▶ **Problem requirements**:
Start at the top of the records and, please, print each line exactly through the line that contains "You have the", leaving out all pictures.

(Dataset entries)
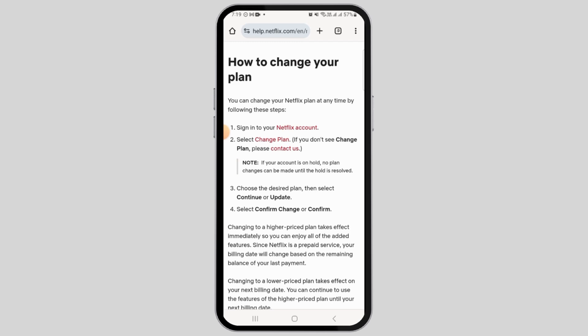Now choose the desired plan, then select continue or update. Now select confirm change or confirm.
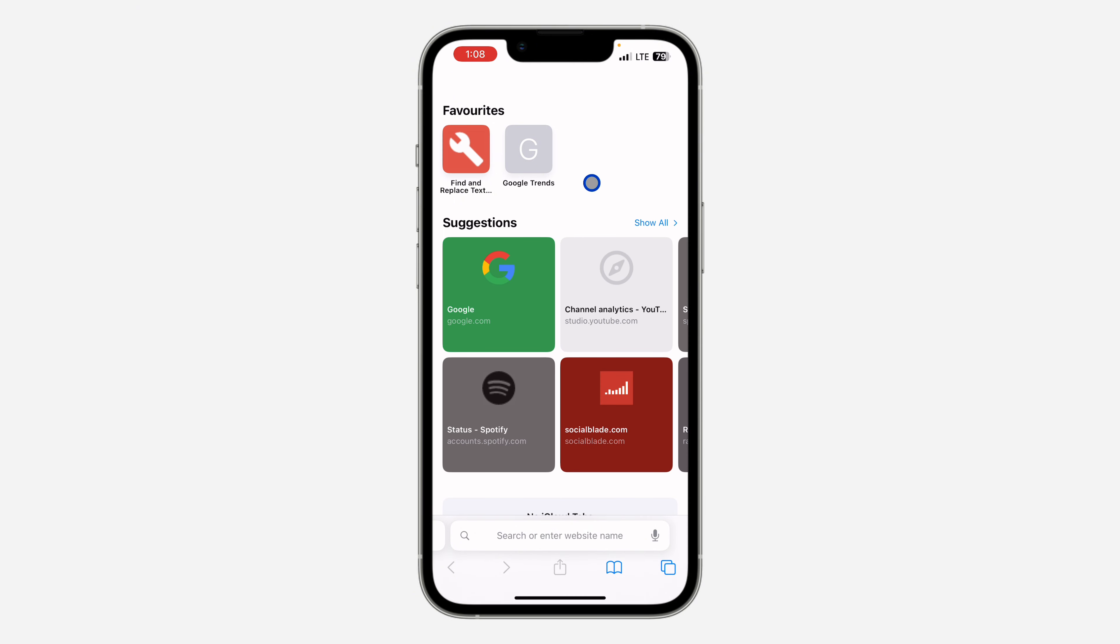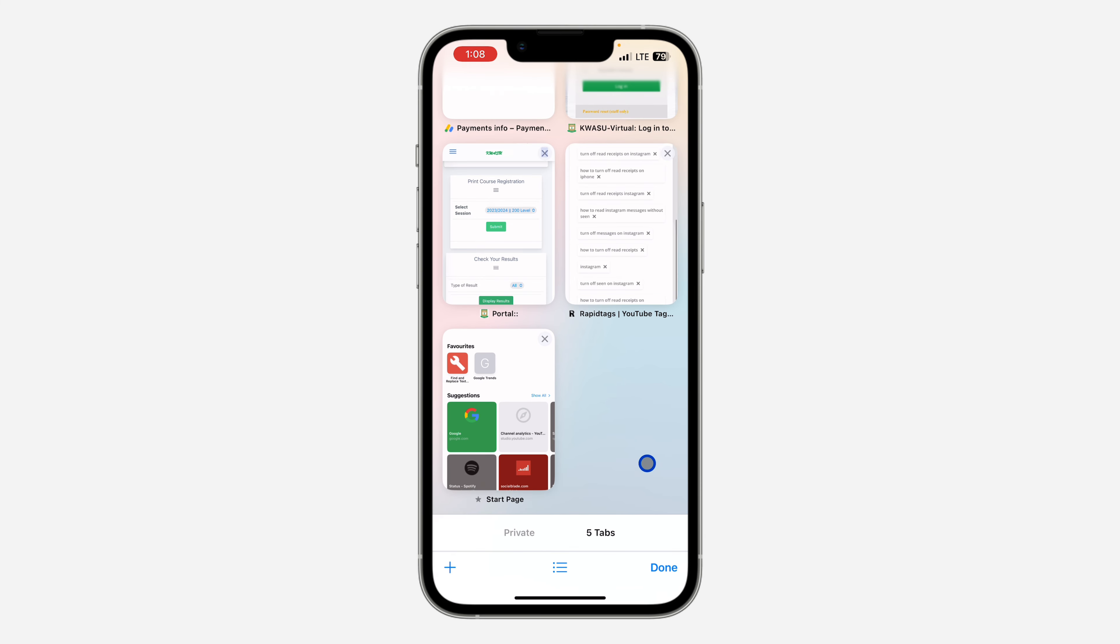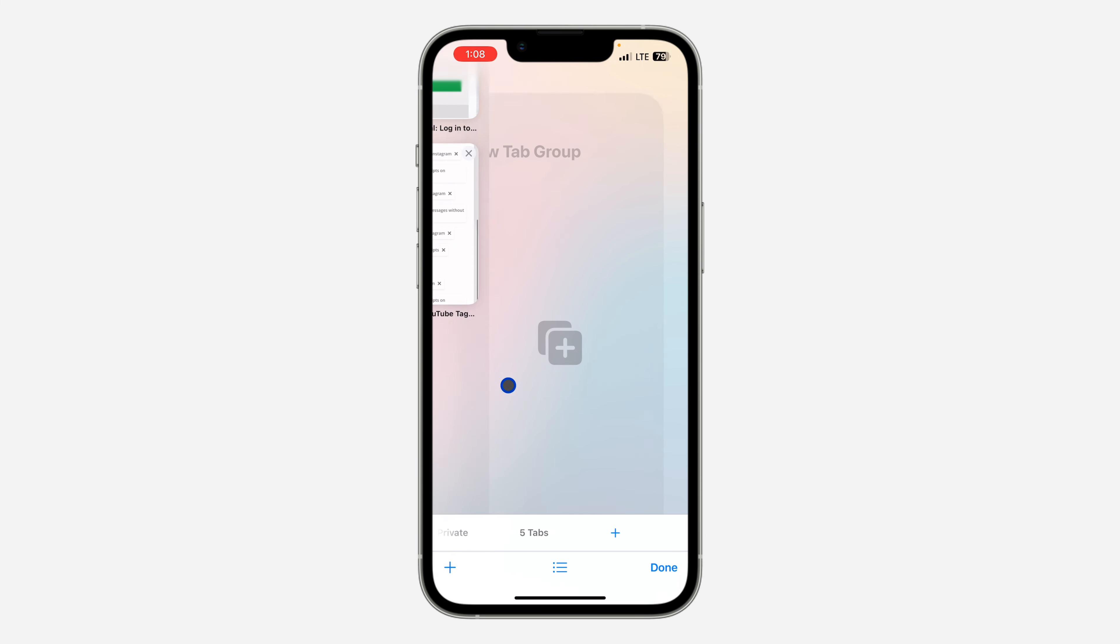The first thing is to open up your Safari and click on this tab icon right here. Once you click on the tab icon, you can just swipe to your left hand side.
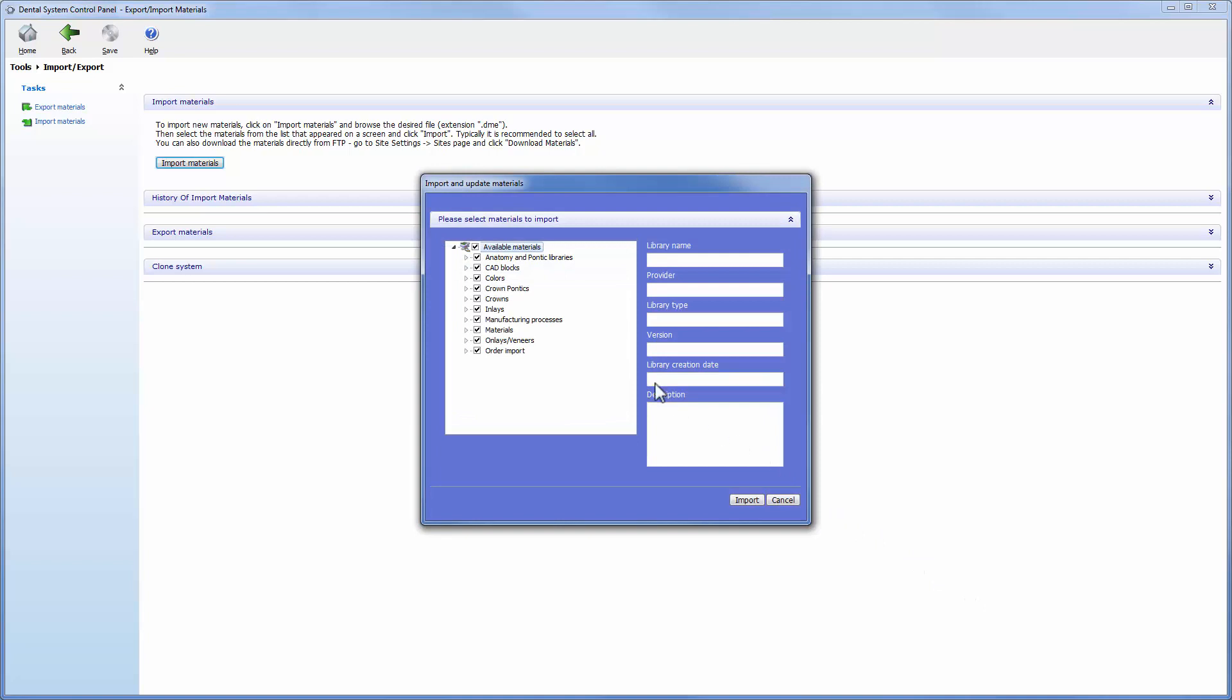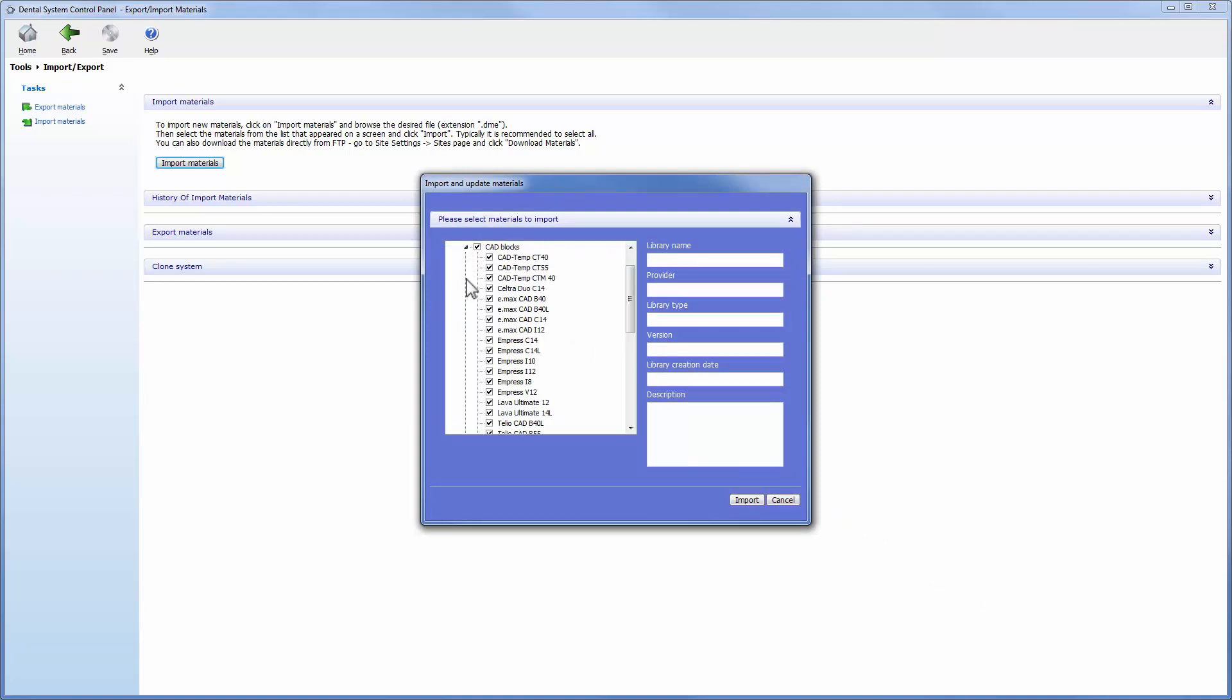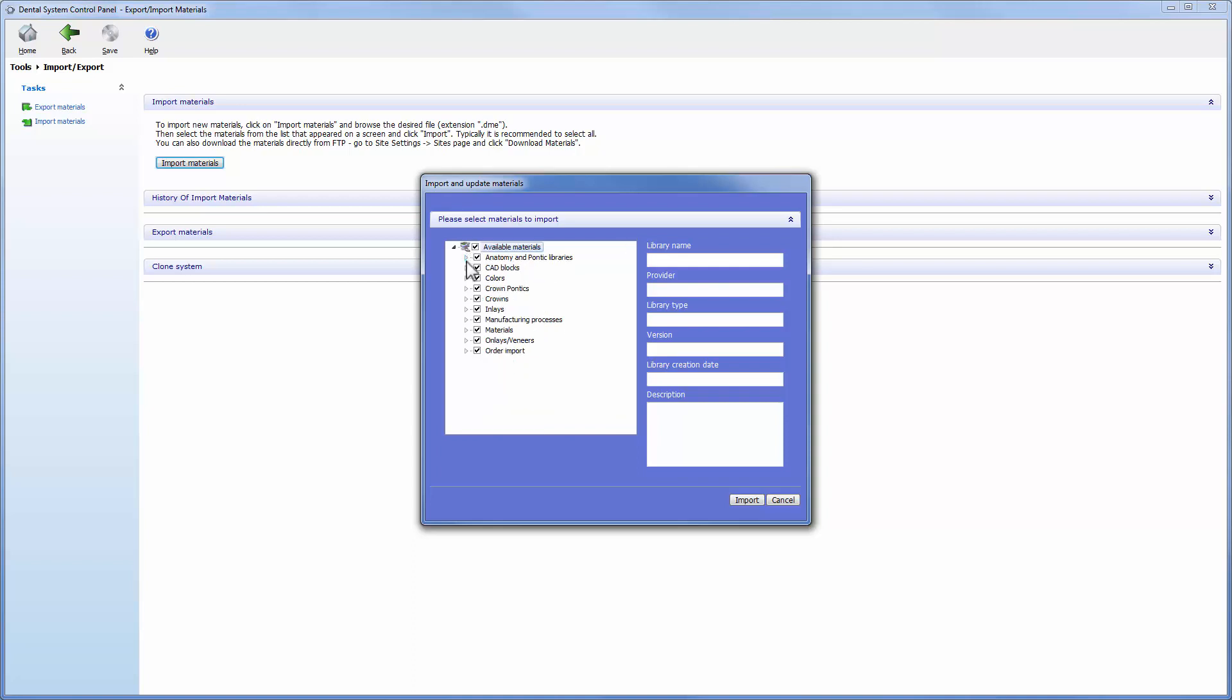You have the possibility to deselect certain material settings from being imported if desired. You can do this by unchecking the checkbox in front of the specific settings.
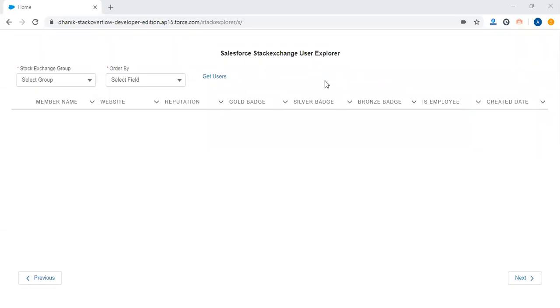Hello guys, this community portal I've created demonstrates Salesforce's capability to integrate with Salesforce Stack Exchange. As everyone knows, Salesforce Stack Exchange is basically a community where Salesforce developers get answers for their issues.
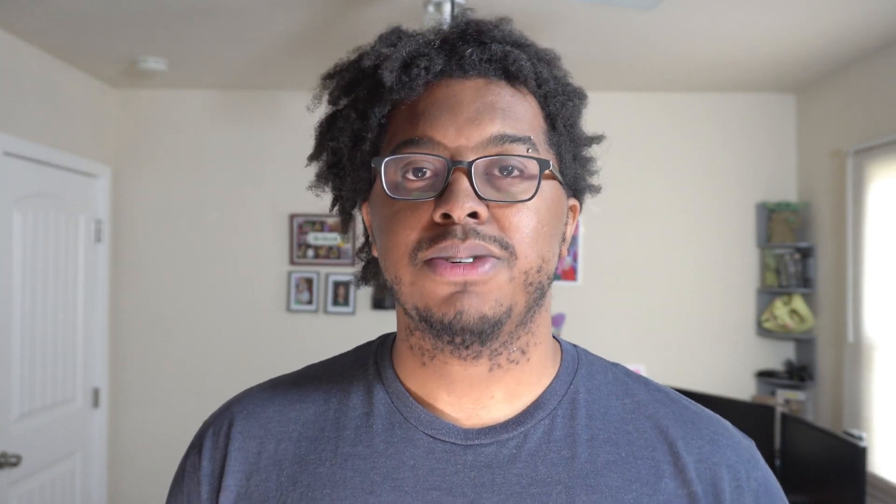In fact, most of my Keyboard Maestro actions are just a few actions, usually like three or less. So I'm going to break down four Keyboard Maestro workflows that are three actions or less that I use every week in my workflow. Let's get into it.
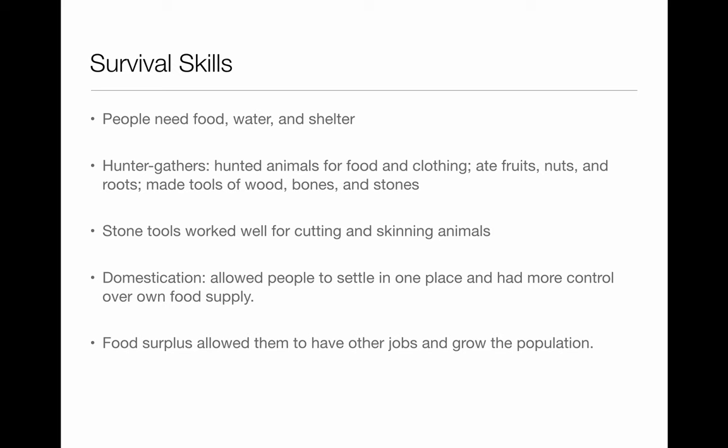As hunter-gatherers progressed through history, we start to see something called domestication. This allowed people to settle in a place and have more control over their own food supply. Before, they had to gather and hunt in an area, and once all that food was gone, they would move on. With domestication, they were able to have what we call a food surplus, which started allowing people to have other jobs and settle in one area.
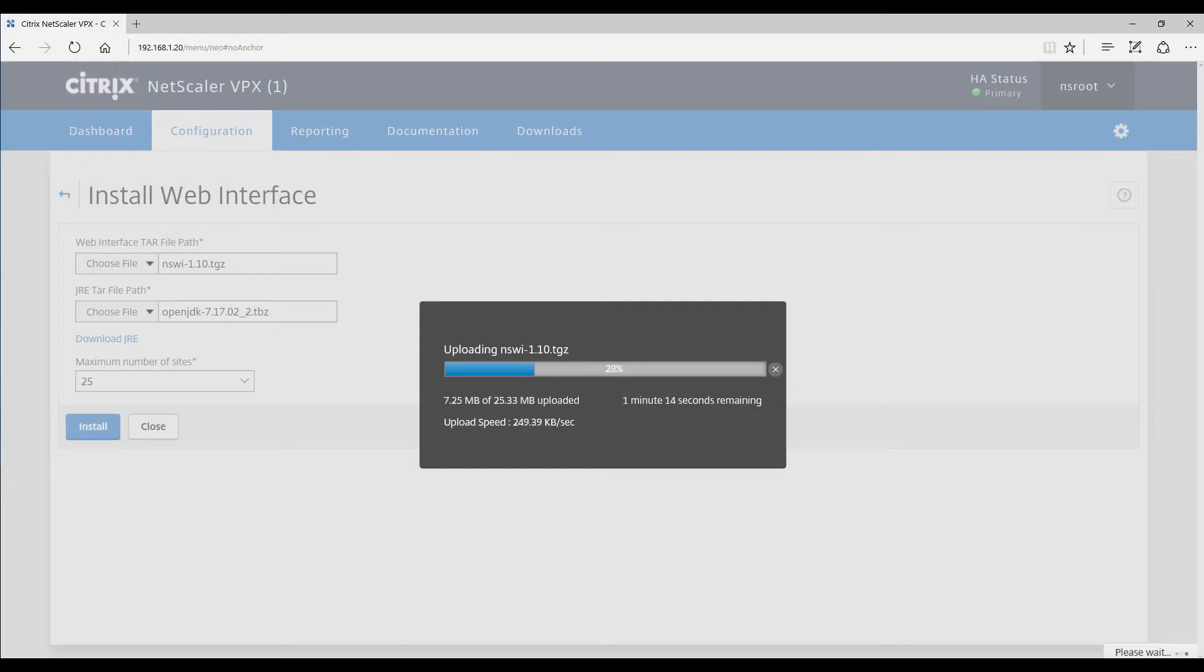That's all you have to do. I'm not going to let you sit here and wait until it gets to 100% because there's no reason to do that, but it's pretty straightforward.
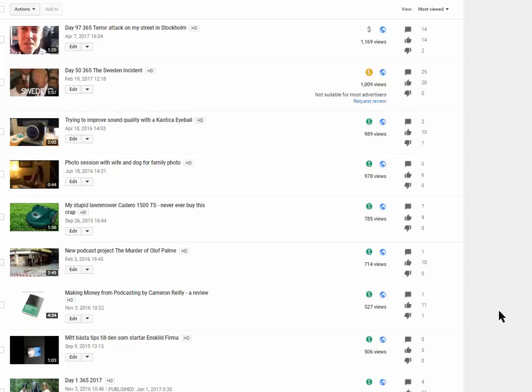Hi guys, Dan here. I'm gonna show you my top 10 videos on my personal YouTube channel. I have far more successful videos than these, but this is my personal YouTube channel. So these are the top 10 videos.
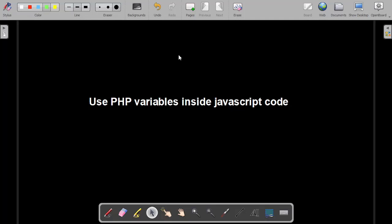Hey guys, so in this quick video we're going to see how you can use PHP variables inside your JavaScript code. There are many situations when you can use this. So let's just set everything up.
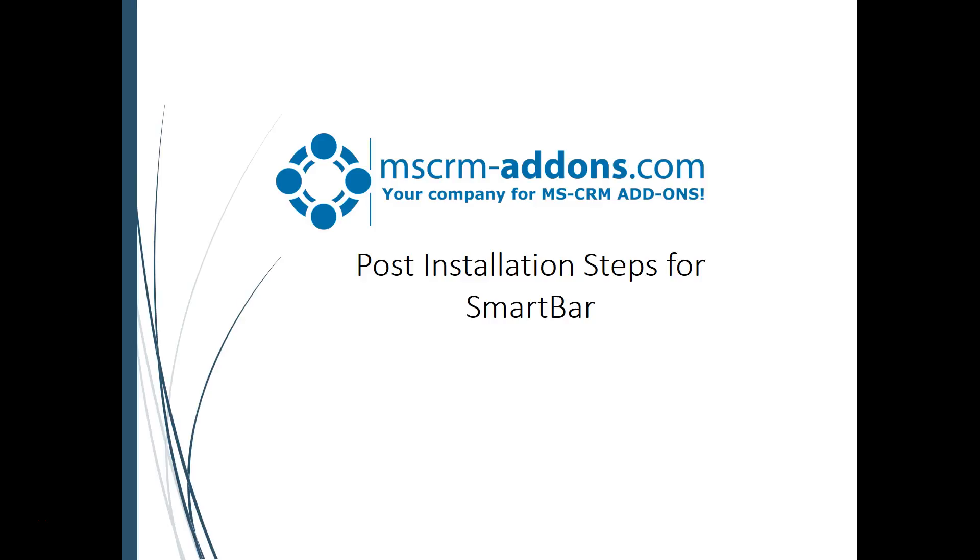Hello and thank you for installing SmartBar from MSCRM add-ons. This video is going to cover post-installation steps for SmartBar, just to show you and get you started.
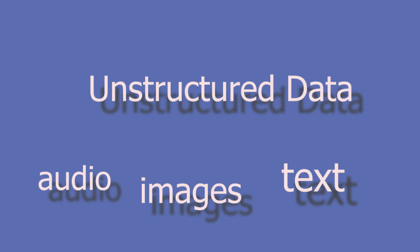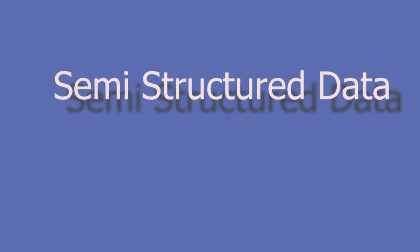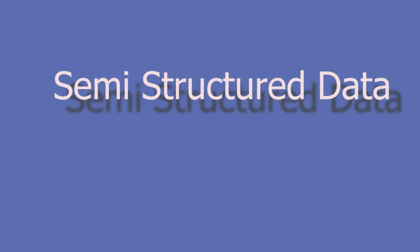Semi-structured data has some level of structure. Basically, semi-structured data is in between structured data and unstructured data. Examples are JSON, XML, and CSV.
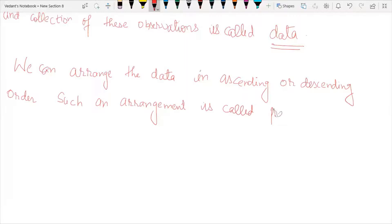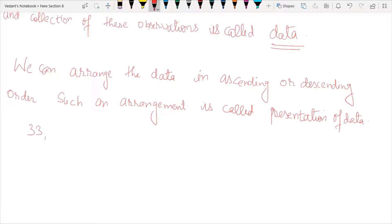We have presented the data so that we can understand it and easily observe the information we need. For example, arranged in ascending order: 33, 38, 52, 63, 81. That means the minimum marks are 33 and maximum marks are 81.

▶ **Result for this task**:
Now choose the desired plan, then select continue or update. Now select confirm change or confirm.
The first thing is to open up your Safari and click on this tab icon right here. Once you click on the tab icon, you can just swipe to your left hand side.
You have the possibility to deselect certain material settings from being imported if desired. You can do this by unchecking the checkbox in front of the specific settings.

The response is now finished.